14 DAY TRIAL // Uber experienced a data breach 5 years ago that affected over 57 million global users and drivers, including about 1.2 million Australian citizens, according to National Law Review.
The company notified the Office of the Australian Information Commissioner (OAIC) about the incident at the time. Then again, the agency said last Friday that Uber was found to be in violation of the Australian Privacy Act for failing to take any reasonable steps to prevent unauthorized access to Australian personal information.
No fine has been given, despite the infringement, Uber's decision not to inform the victims of the attack individually or report the incident in 2017. However, other jurisdictions have imposed massive fines for the violation, including the United States - $148 million and Great Britain - £385,000.
Uber has been required to develop a data infringement response plan, a security program for information, and rules and processes for the preservation and disposal of data, rather than being fined, by the Office of the Attorney General. The procedures are subject to independent oversight, whereby the OAIC considers to be beneficial.

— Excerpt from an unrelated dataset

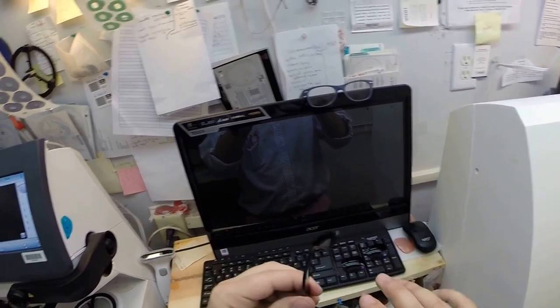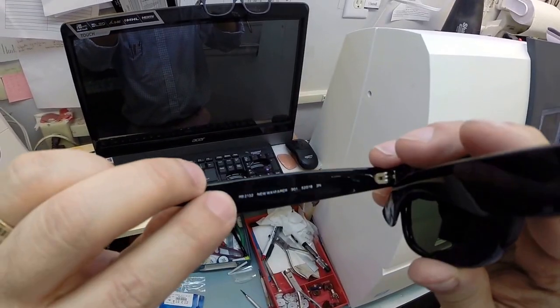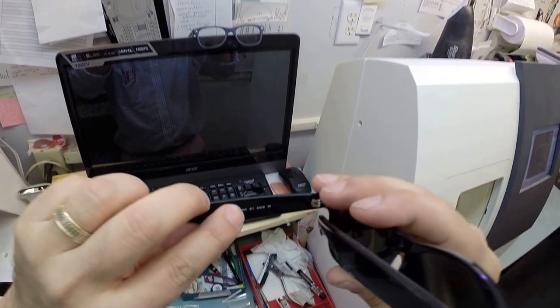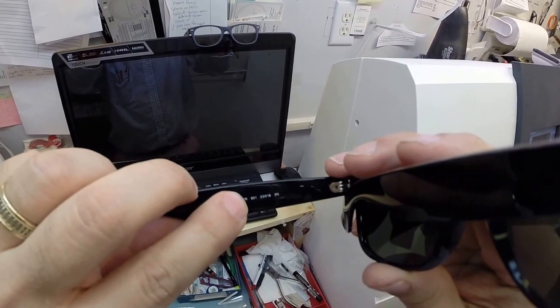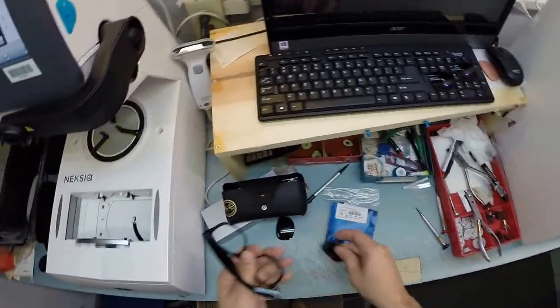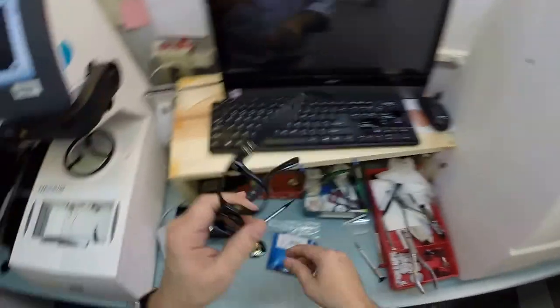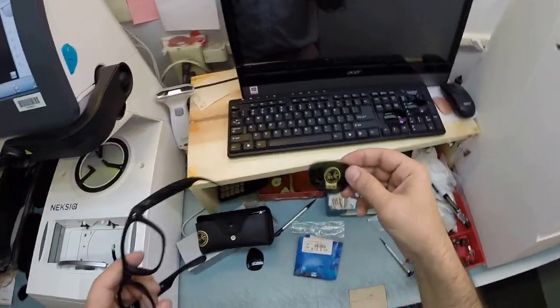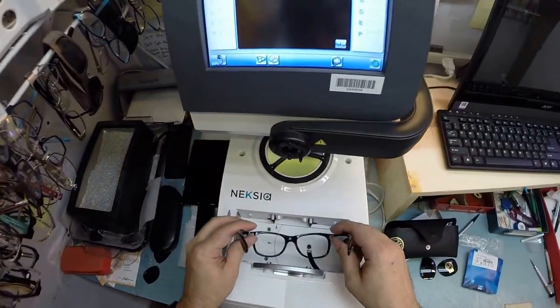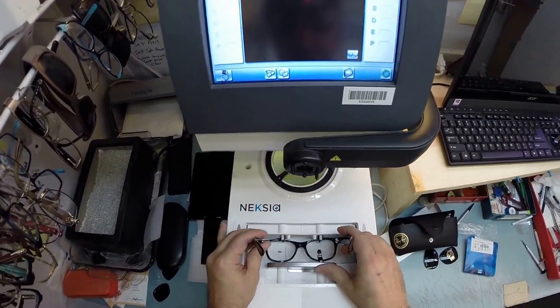Of course this is the 2132 New Wayfarer color 901 in the 52 eye size. I'm going to take out your original heavy glass lenses and cut some unbreakable bulletproof lenses to go into your frame.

Even though the data breach was huge, Australia chose not to punish Uber
It is noteworthy that Australia did not impose a monetary penalty despite the severity of the breach and the involvement of a major global business participant in the case.
Uber has strengthened its security rules and procedures after the decision was made and has been accredited to ISO 27001 since then. Following a recent wave of ransomware attacks, Uber has also opted to pay its attackers US$100,000 in order to get the stolen data from its consumers restored.
The Ransomware Payments Bill suggests that mandatory reporting of ransomware attacks would be beneficial in order to better monitor these types of breaches in Australia. It remains to be seen if such payments would have been subject to Australian regulatory supervision if the payment had not been made by the Australian subsidiary while working with a multinational corporation.